I thought that by having two handfuls of roommates in college with a diversity of personalities made me unbelievably over prepared for marriage. My level of patience and skills at negotiation were at an all-time high. I was twenty-four, had numerous psychology courses under my belt and thought the only thing needed to make our marriage fantastic was an “I do” and perhaps a few pots and pans.
My first indication that not all would be bliss was when we returned home from our honeymoon to a mound of presents. After opening them and dutifully noting items and givers, we realized we had zero silverware—not even one fork. So, we took our pile o’ gift cards to Bed Bath and Beyond in order to pick up utensils so we could eat without looking like primates.
Right there in the flatware aisle I was given my first lesson in marriage: you’re not as amazingly kind and selfless as you thought you were; in fact, you’re a bit of a selfish, bossy, know-it-all brat. My husband would never say that and in fact doesn’t even remember this even happening but here’s when I was hit on the head with a 2×4 by the Marriage Fairy:
Me: I really like this style, don’t you? *pointing to a set on the second row*
Him: This one looks really nice. *pointing to an incredibly horrid set on the third row*
Me: *staring blankly* Uh, like I said…I really like this one. In my head I was thinking, “I thought men weren’t supposed to care about these things? Can’t he clearly see mine is superior in every way of form and function?”
And so for the last fifteen plus years we have used a set of flatware that neither of us really cared for but was the only way we could agree. We both survived and frankly so few items remain from that first generous gift-receiving time, that I often consider throwing myself another reception just to get plates that match that don’t come from a thrift store.
I wish me now could tell me then to not make the huge and lethal mistake of trying to turn him into me. I would calmly take my twenty-four-year-old self firmly by the shoulders, point her in the direction of the largest mirror possible and whisper “You will never look better. Really. Enjoy your non-bulbous tummy for about a year and a half until it will expand to epic proportions to never shrink again”. But after that lavish pep talk I will force her to repeat after me while staring in the mirror, “This is the only person I have power to change and as such, I will save myself hours of tears and unintended hurt by remembering this daily.” Then as an emotional exclamation point I would leave after saying, “And for the love of Oneida, it’s just silverware.
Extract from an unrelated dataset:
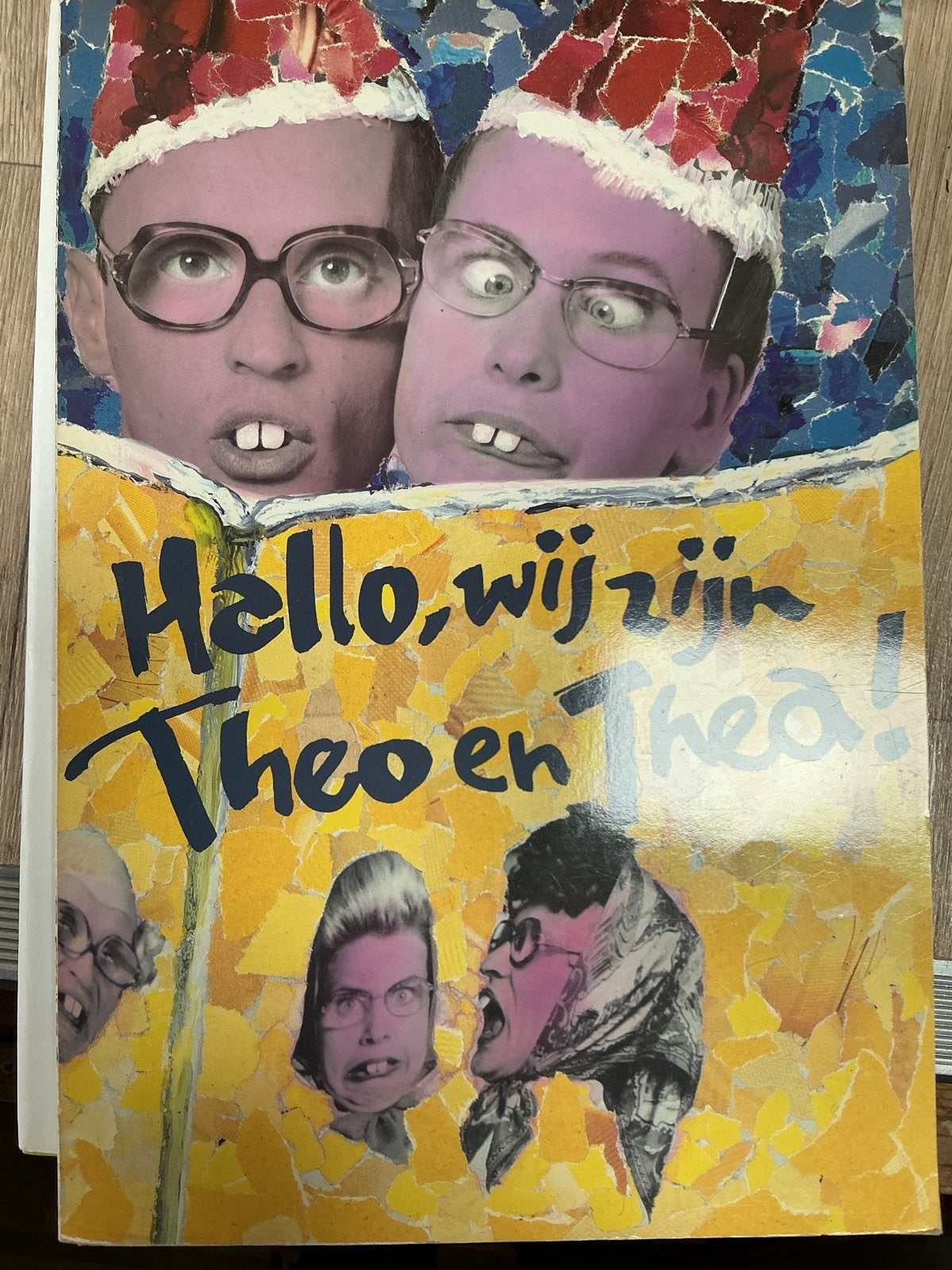 Hello, wij zijn Theo en Thea! - Boek, Ophalen of Verzenden, Gelezen, Nederland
Don’t plant your flag on the battle field for this sweetheart. Save it for what really counts: the toilet paper roll.”
There was a day in the course of our marriage where I let my husband die. Not literally, obviously, because he still sleeps next to me but the husband I imagined when I was too young to drive—the one I thought was perfect and without any annoying flaws or flatulence. The one who would never get frustrated with me or annoyed at our imaginary perfect children. He would think it was charming that I let laundry pile up on the sofa for days because it made it inordinately more comfortable.
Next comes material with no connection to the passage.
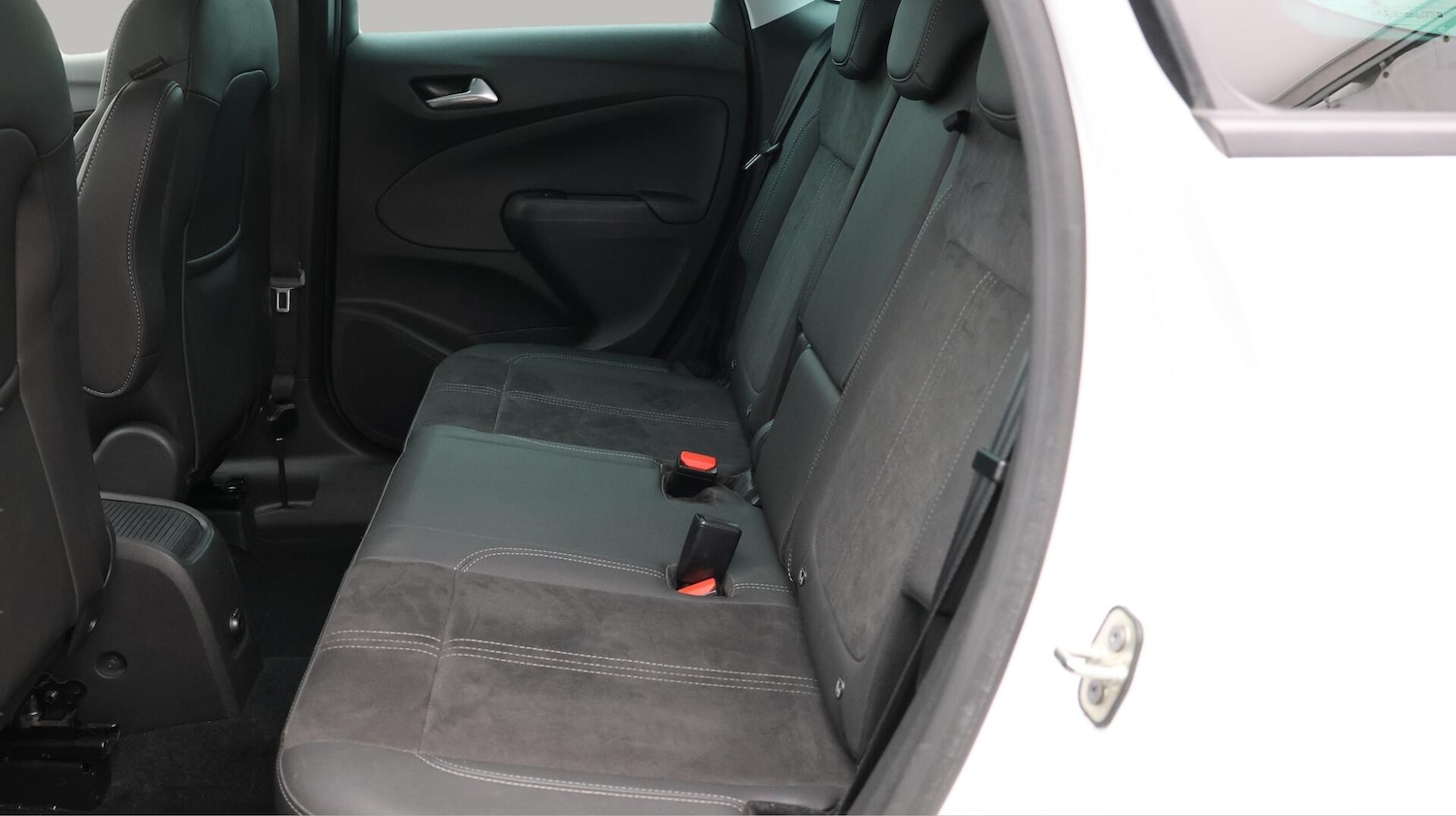 Used Vauxhall Crossland 2022 for sale - 76689511: Photo 17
Now I’m free to fall in love with the imperfect yet good and loyal man that I married not quite sixteen years ago. The one who helps our daughter with special needs practice her drums, shows our kids how to kick a soccer ball and how to properly poach a hot dog since their mother thinks they’re evil. The one who has forgiven my short-comings and personality quirks since the year 2000.
I feel like this year’s anniversary is bigger than ten or fifteen because this was the year my parent’s marriage came to a dead end and I unintentionally am holding my breath until we pass through this pinnacle year. By doing so, somehow we will have made it work longer and better and I feel at peace knowing my children will not go to sleep at night listening to yelling and cursing. They will not have to see discord, dismay and despair present in their home like an unwelcome family member.
We still have issues. I chronically forget that it’s completely reasonable that he thinks, acts and believes differently than me. I’ve learned to trust more, listen more and recognize that my view of the world is not the singular one and that his ideas and suggestions are just as valid even if they don’t make sense to me. He grounds me, calms me and is always steady when I am not.
And one day when we’re holding hands at our 50th Anniversary dinner, reflecting on the abundant life we’ve had and remark how worth it “It” was—all those years of figuring each other out, making it work, the countless apologies and restarts—I will be grateful it was not easy because the things that are most worthwhile are those that take a good deal of faith, effort, sweat and tears. Life is messy and so is our mottled and mismatched silverware drawer—I’m just incredibly grateful to have someone to share it with.